# [Information provided]

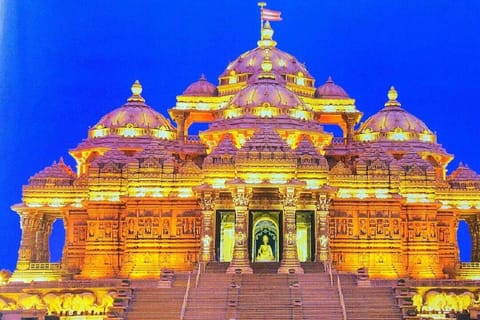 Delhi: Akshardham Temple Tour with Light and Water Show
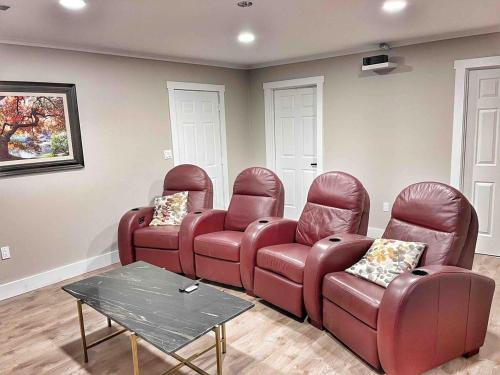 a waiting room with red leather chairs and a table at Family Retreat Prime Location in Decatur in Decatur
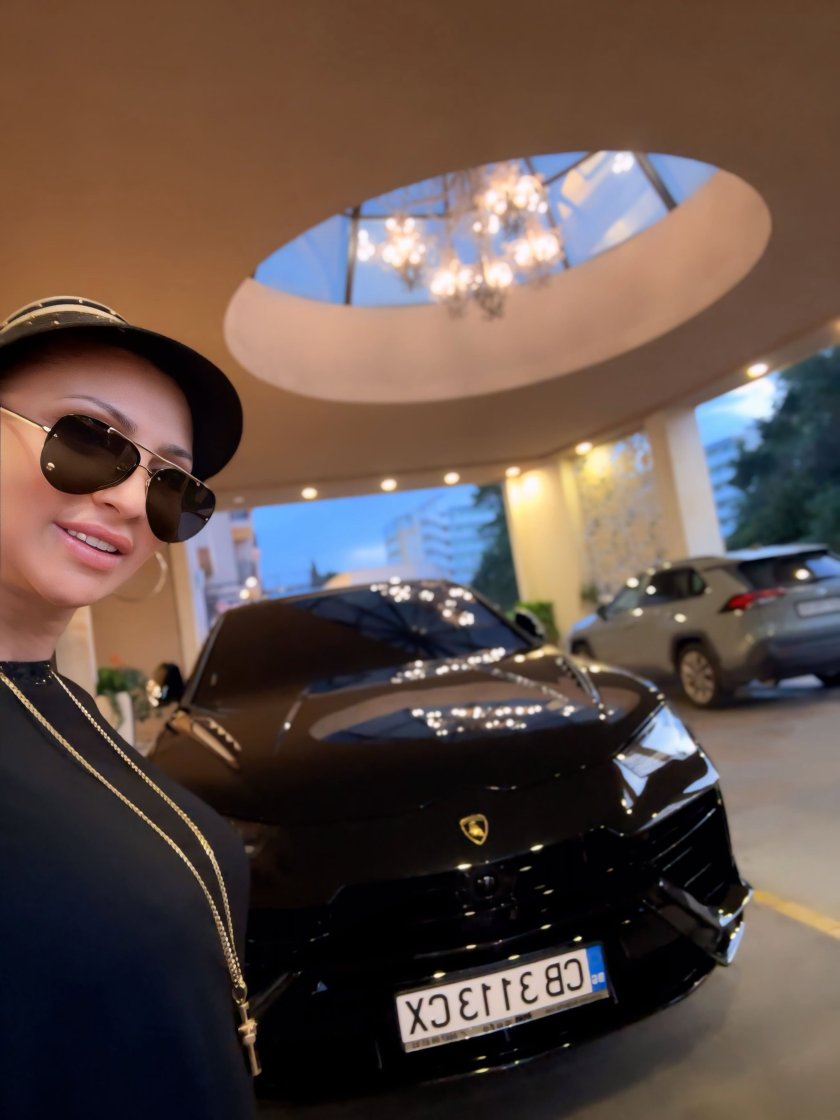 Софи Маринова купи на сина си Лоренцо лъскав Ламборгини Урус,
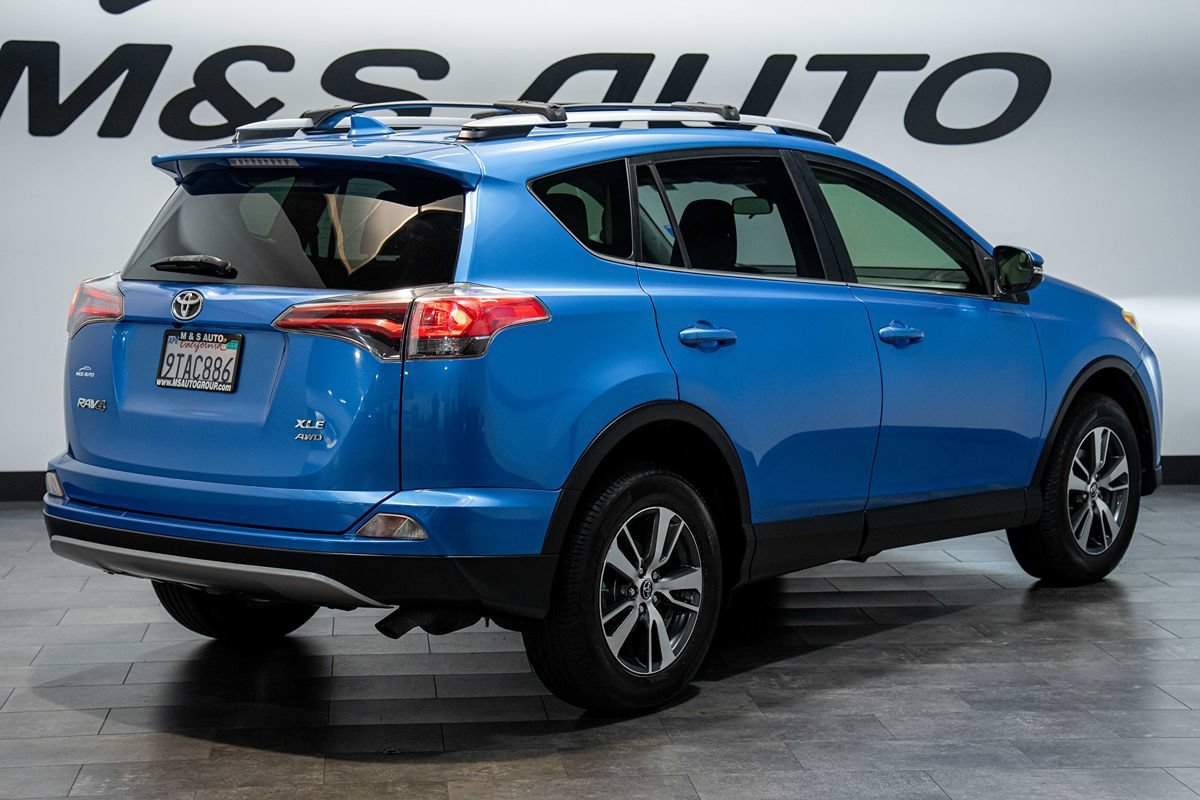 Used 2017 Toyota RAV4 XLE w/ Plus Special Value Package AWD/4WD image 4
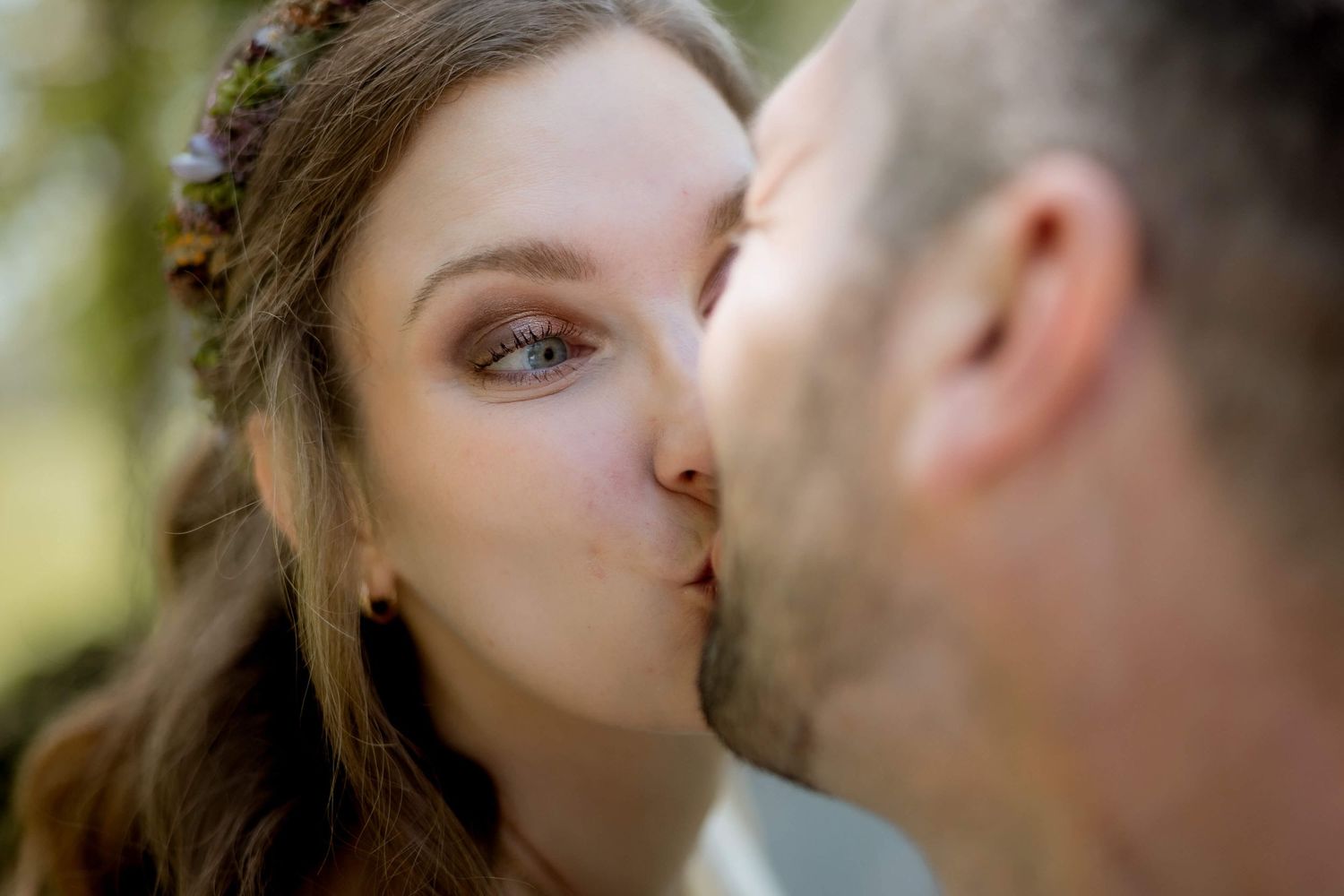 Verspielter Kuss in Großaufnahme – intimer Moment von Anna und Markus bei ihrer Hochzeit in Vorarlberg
--
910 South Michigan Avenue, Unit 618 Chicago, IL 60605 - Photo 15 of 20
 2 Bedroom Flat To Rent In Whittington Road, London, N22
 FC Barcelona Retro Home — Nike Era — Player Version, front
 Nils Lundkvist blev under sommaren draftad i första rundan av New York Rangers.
* * *
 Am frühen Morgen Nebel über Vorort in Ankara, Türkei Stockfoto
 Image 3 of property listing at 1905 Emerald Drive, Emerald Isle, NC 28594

# [Exercise]
Print exactly the lines above that run from the one with "a waiting room" to the one with "Used 2017 Toyota", both included. No pictures.

# [Answer section]
 a waiting room with red leather chairs and a table at Family Retreat Prime Location in Decatur in Decatur
 Софи Маринова купи на сина си Лоренцо лъскав Ламборгини Урус,
 Used 2017 Toyota RAV4 XLE w/ Plus Special Value Package AWD/4WD image 4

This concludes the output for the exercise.